Stored data entries:
────────────────────

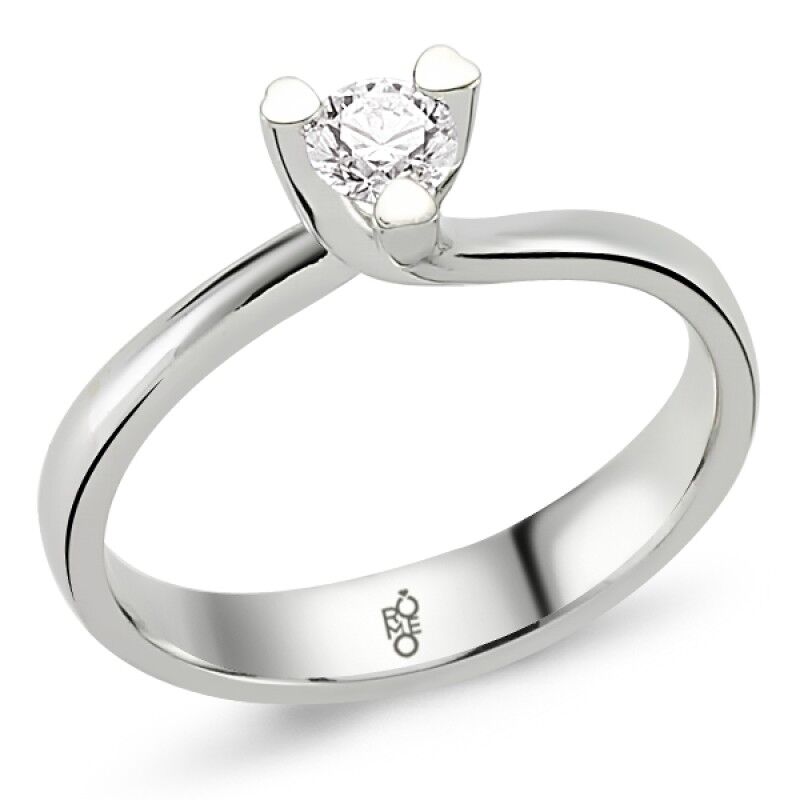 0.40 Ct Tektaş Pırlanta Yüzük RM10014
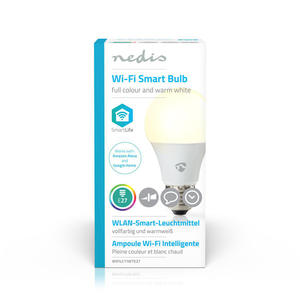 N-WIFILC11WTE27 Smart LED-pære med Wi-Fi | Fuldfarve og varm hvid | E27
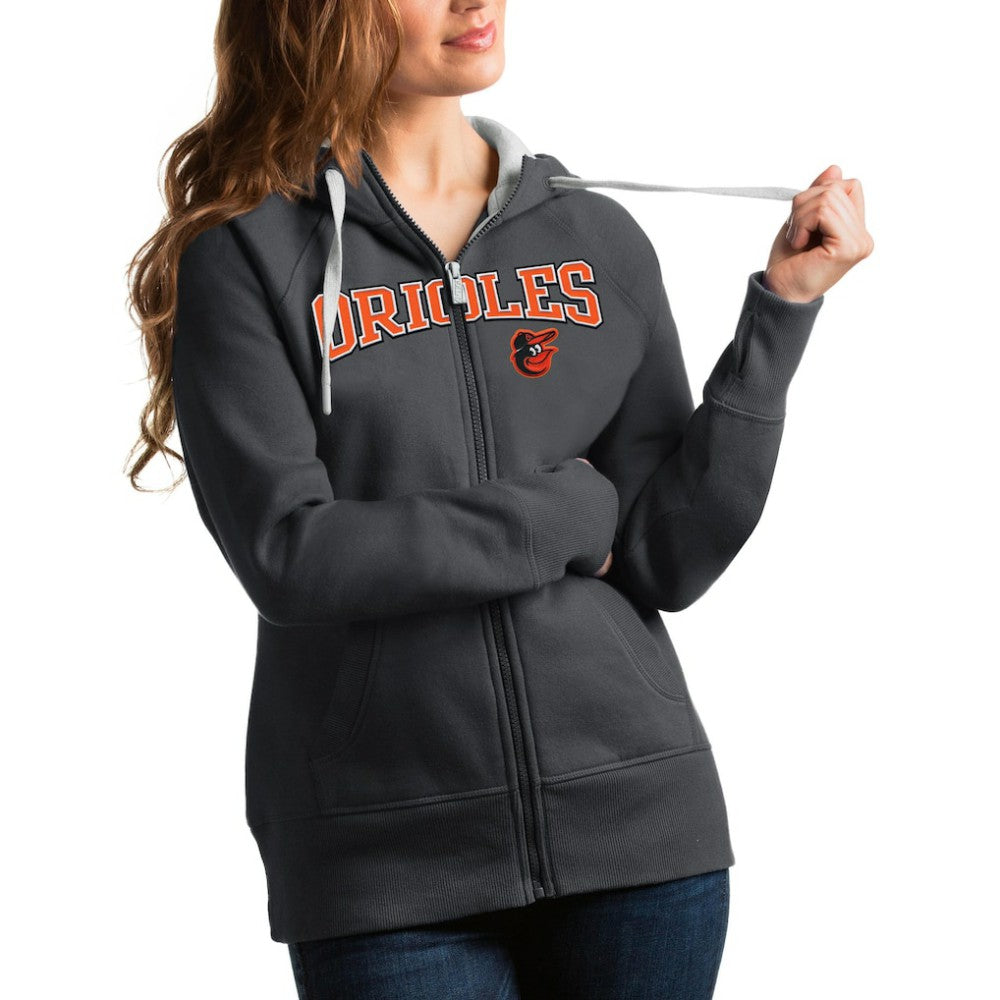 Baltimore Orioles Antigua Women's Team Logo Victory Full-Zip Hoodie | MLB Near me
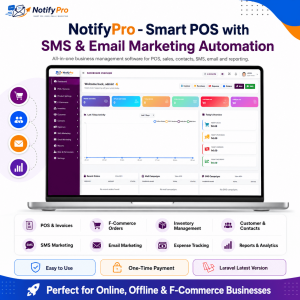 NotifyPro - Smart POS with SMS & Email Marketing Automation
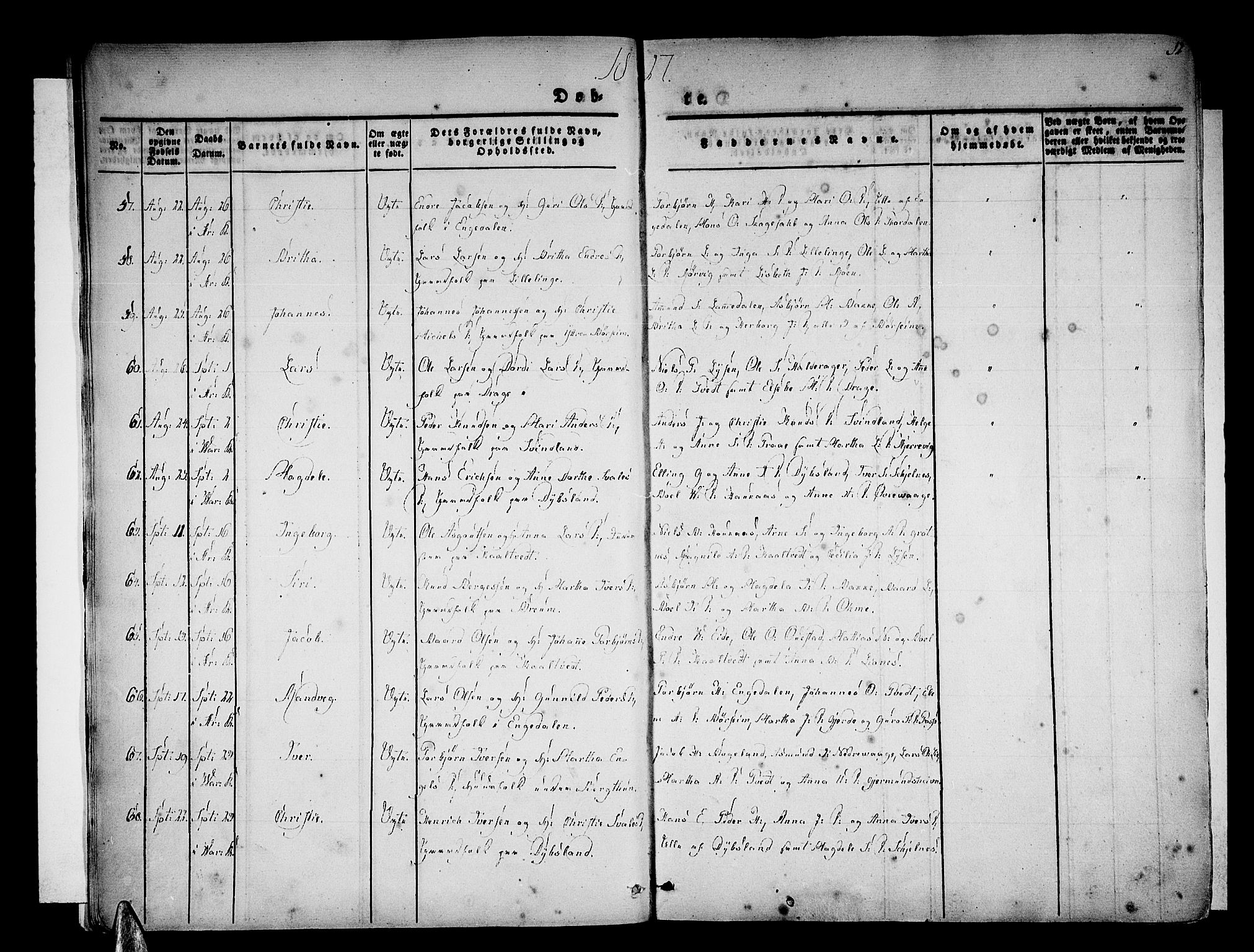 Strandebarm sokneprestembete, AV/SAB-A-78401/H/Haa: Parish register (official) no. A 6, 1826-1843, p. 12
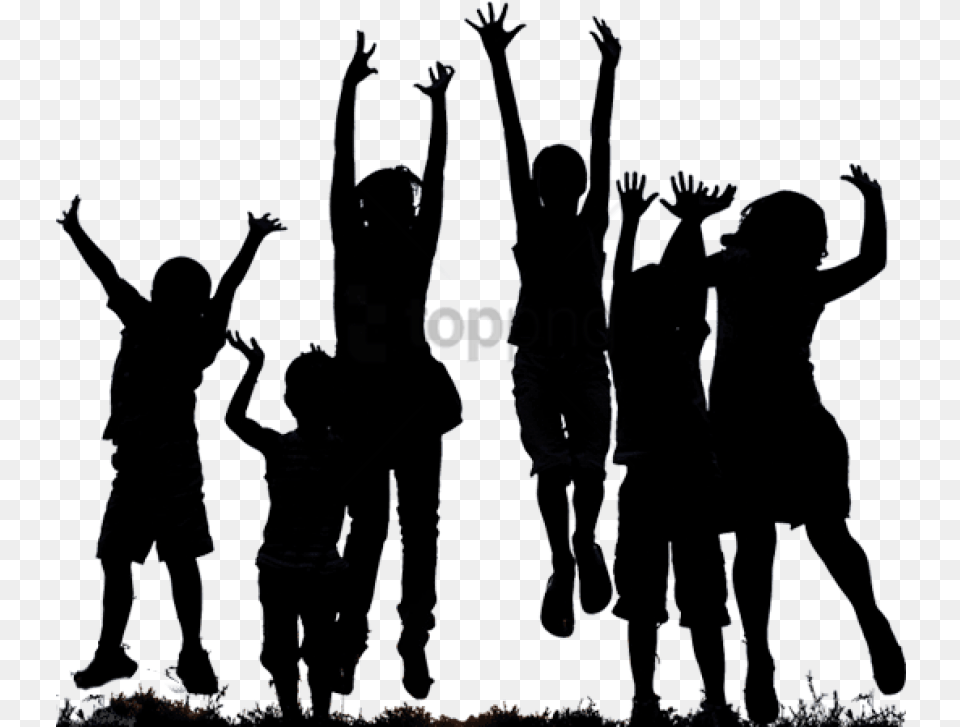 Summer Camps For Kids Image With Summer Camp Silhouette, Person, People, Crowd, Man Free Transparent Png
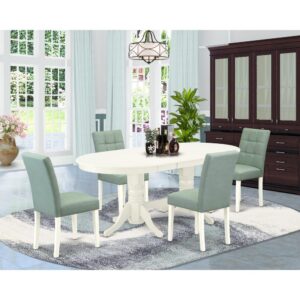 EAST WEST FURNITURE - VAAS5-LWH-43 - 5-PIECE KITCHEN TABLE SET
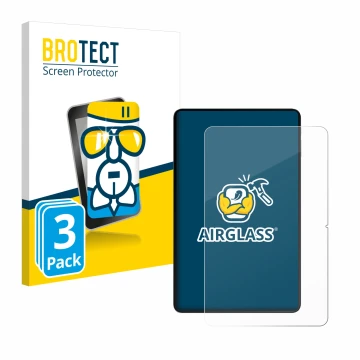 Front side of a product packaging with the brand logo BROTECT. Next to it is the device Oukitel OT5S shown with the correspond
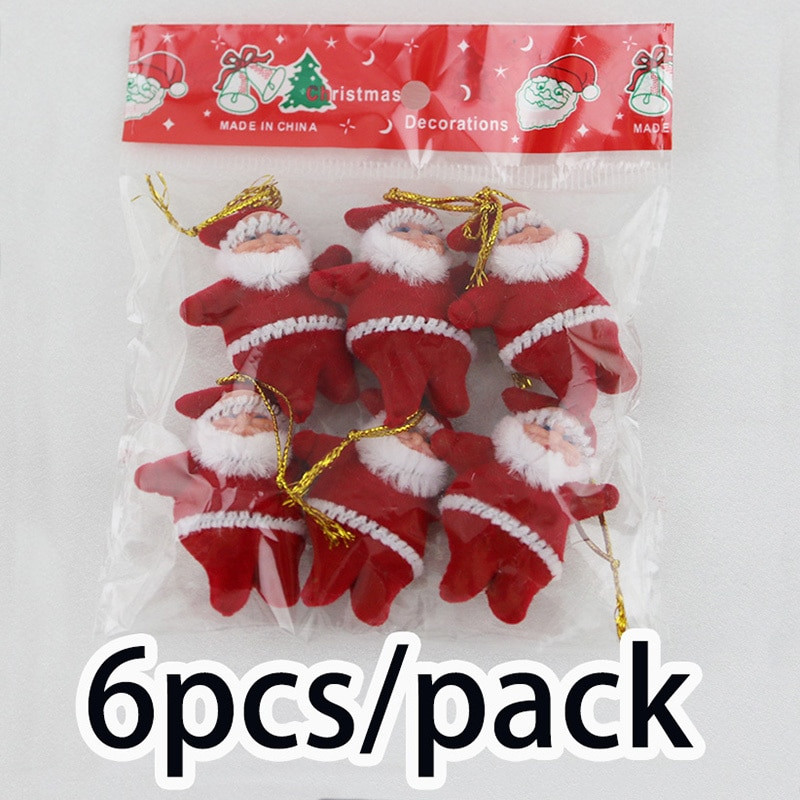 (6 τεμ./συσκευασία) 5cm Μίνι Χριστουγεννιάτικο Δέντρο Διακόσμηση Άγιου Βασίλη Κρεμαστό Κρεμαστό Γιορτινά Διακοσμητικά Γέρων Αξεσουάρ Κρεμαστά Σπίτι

────────────────────

◆ Goal of the exercise: When you reproduce the entries above, keep every word exact and leave the images out.

◆ Result for this task:
 0.40 Ct Tektaş Pırlanta Yüzük RM10014
 N-WIFILC11WTE27 Smart LED-pære med Wi-Fi | Fuldfarve og varm hvid | E27
 Baltimore Orioles Antigua Women's Team Logo Victory Full-Zip Hoodie | MLB Near me
 NotifyPro - Smart POS with SMS & Email Marketing Automation
 Strandebarm sokneprestembete, AV/SAB-A-78401/H/Haa: Parish register (official) no. A 6, 1826-1843, p. 12
 Summer Camps For Kids Image With Summer Camp Silhouette, Person, People, Crowd, Man Free Transparent Png
 EAST WEST FURNITURE - VAAS5-LWH-43 - 5-PIECE KITCHEN TABLE SET
 Front side of a product packaging with the brand logo BROTECT. Next to it is the device Oukitel OT5S shown with the correspond
 (6 τεμ./συσκευασία) 5cm Μίνι Χριστουγεννιάτικο Δέντρο Διακόσμηση Άγιου Βασίλη Κρεμαστό Κρεμαστό Γιορτινά Διακοσμητικά Γέρων Αξεσουάρ Κρεμαστά Σπίτι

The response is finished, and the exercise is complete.